Familial hypomagnesemia with hypercalciuria and nephrocalcinosis (FHHNC) is a rare autosomal recessive disorder caused by mutations in the tight junction proteins claudin-16 and claudin-19, which are encoded by the CLDN16 and CLDN19 genes, respectively. Over 60 mutations in CLDN16 have been described in FHHNC. The disorder is characterized by excessive urinary losses of magnesium and calcium, bilateral nephrocalcinosis, and progressive chronic renal failure. [20]
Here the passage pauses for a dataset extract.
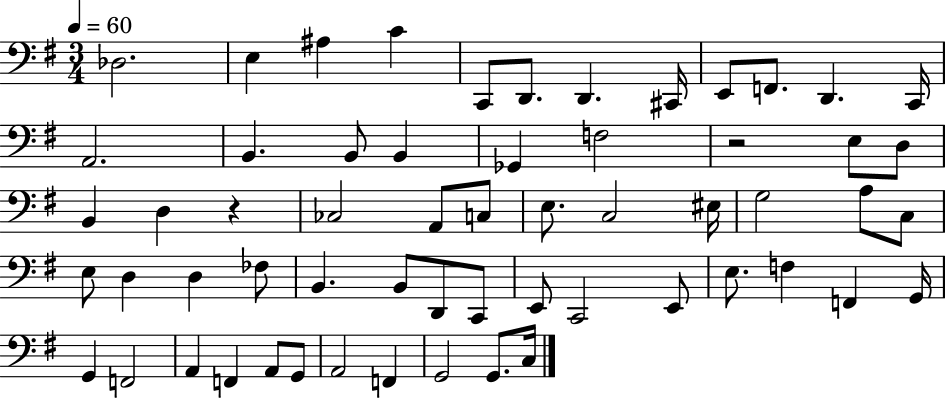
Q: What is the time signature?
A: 3/4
An interesting study in specially prepared transgenic mice suggests the possible importance of the gene CLCN5, which encodes ClC5 (a renal chloride channel located exclusively in the kidney), to the development of hypercalciuria. The transgenic mice were produced using an antisense ribozyme targeted against ClC5 so that these mice lacked ClC5 activity. [21] This mouse model is similar to Dent disease in humans, which is a rare, heritable X-linked disorder with reduced ClC5 activity that is characterized by absorptive hypercalciuria, nephrocalcinosis, nephrolithiasis, low ̶ molecular weight proteinuria, Fanconi syndrome, and renal failure. In Dent disease, the nephrolithiasis, hypercalciuria, and nephrocalcinosis are eliminated with a renal transplant from a healthy individual, confirming the renal cause of these problems. [21]

Other promising lines of research involve overexpression of vitamin D receptors and deficiencies in various renal tubular enzymes.